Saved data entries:
┄┄┄┄┄┄┄┄┄┄┄┄┄┄┄┄┄┄┄┄

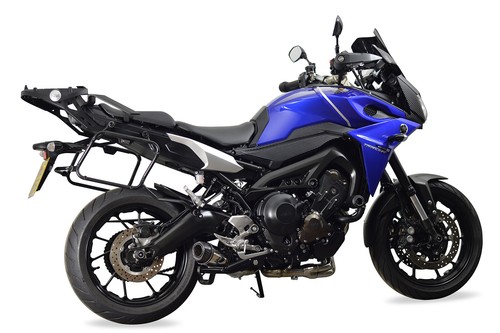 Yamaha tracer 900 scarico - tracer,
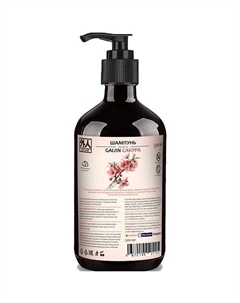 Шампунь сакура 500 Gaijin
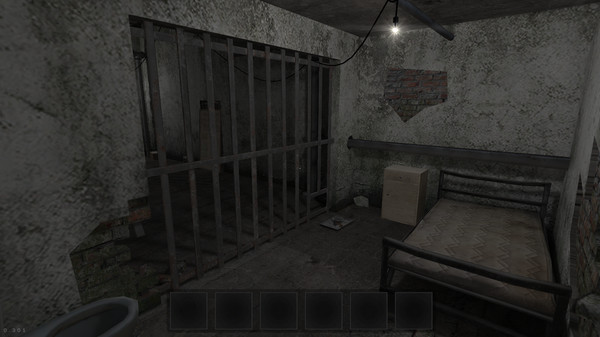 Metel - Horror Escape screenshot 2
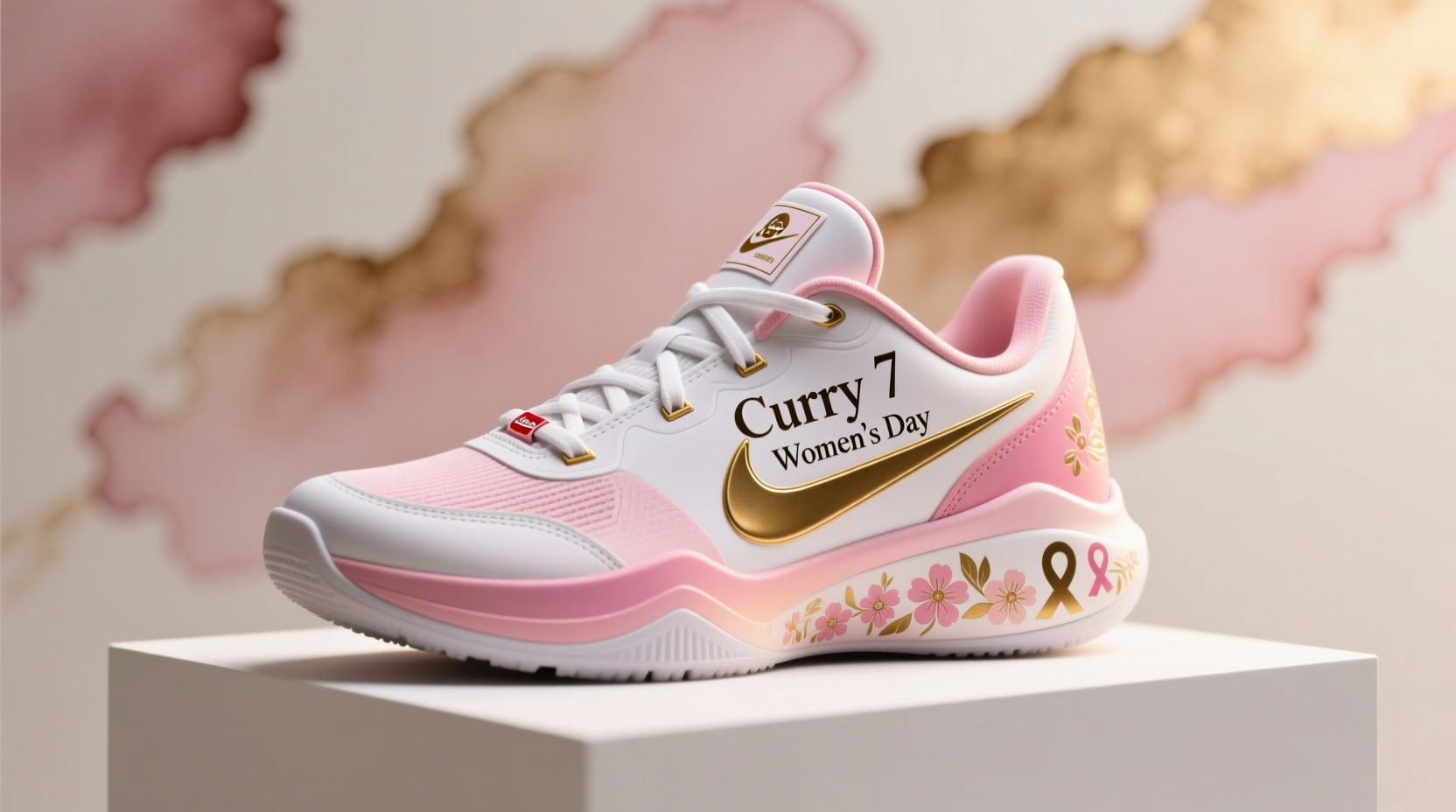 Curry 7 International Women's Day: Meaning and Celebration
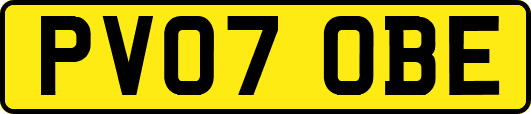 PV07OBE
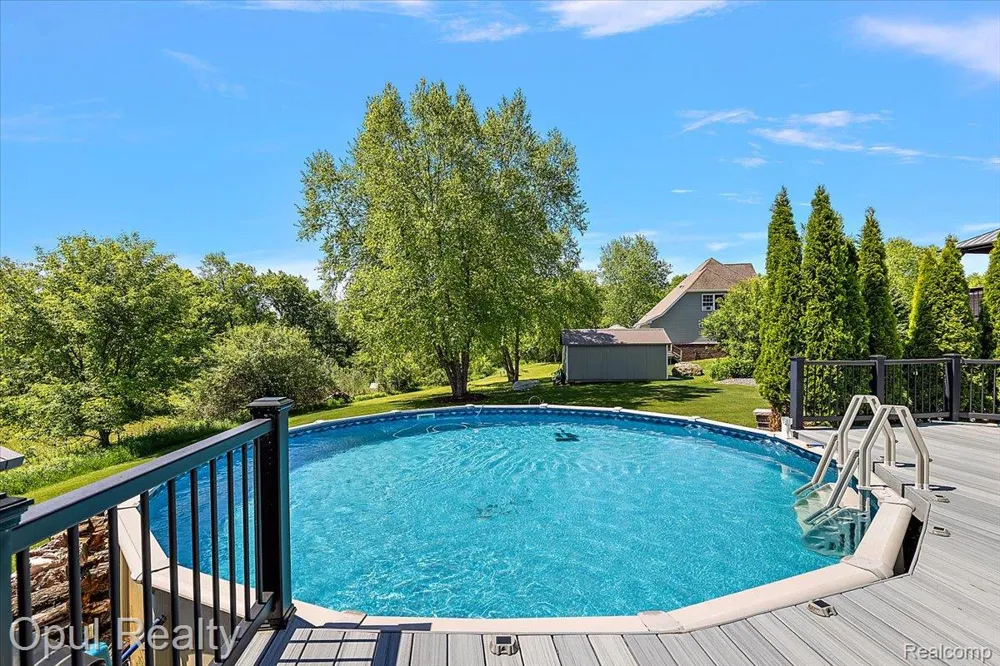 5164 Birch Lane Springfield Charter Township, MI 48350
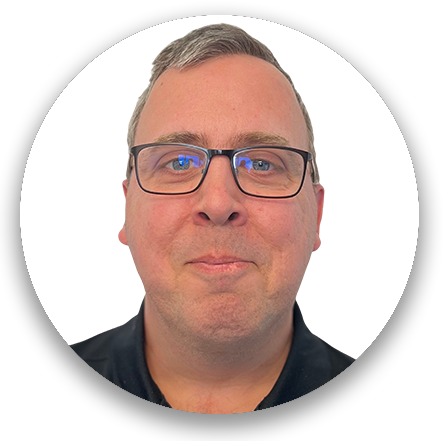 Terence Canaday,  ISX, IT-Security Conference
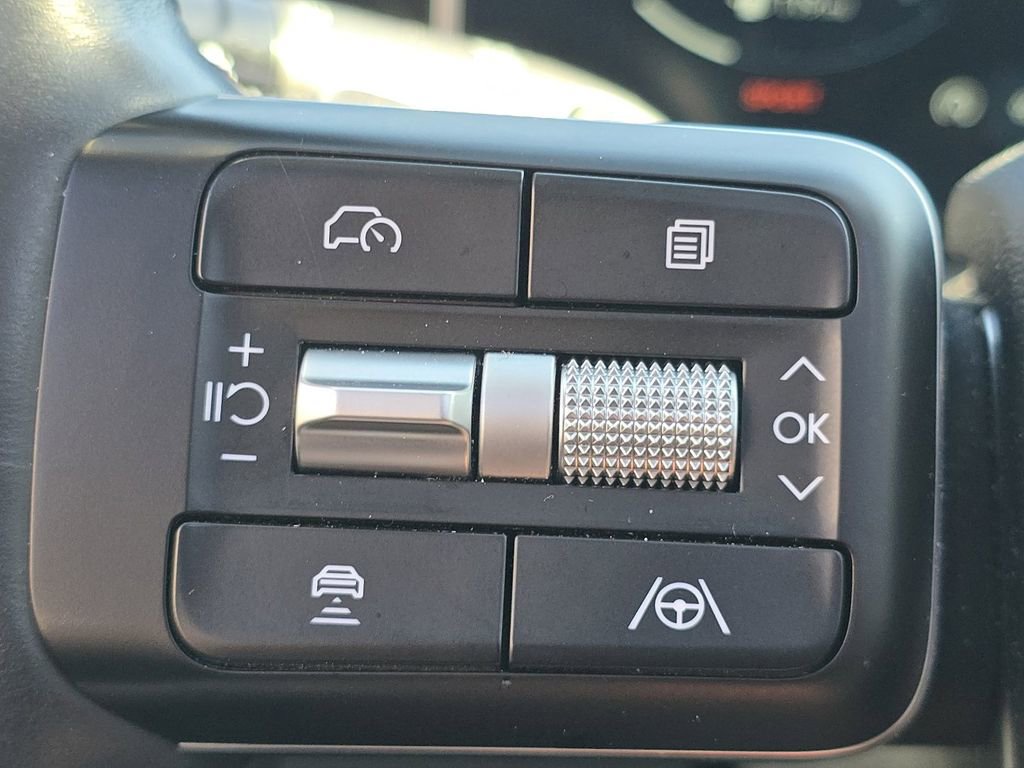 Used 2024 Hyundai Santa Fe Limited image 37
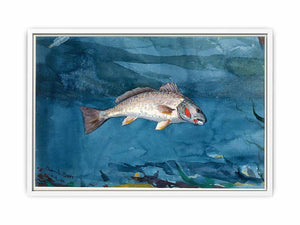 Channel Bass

┄┄┄┄┄┄┄┄┄┄┄┄┄┄┄┄┄┄┄┄

EXERCISE DIRECTIONS:
Once the line holding "5164 Birch Lane" is found, copy it and each later line exactly through the end of the data, leaving out the pictures.

TASK SOLUTION:
 5164 Birch Lane Springfield Charter Township, MI 48350
 Terence Canaday,  ISX, IT-Security Conference
 Used 2024 Hyundai Santa Fe Limited image 37
 Channel Bass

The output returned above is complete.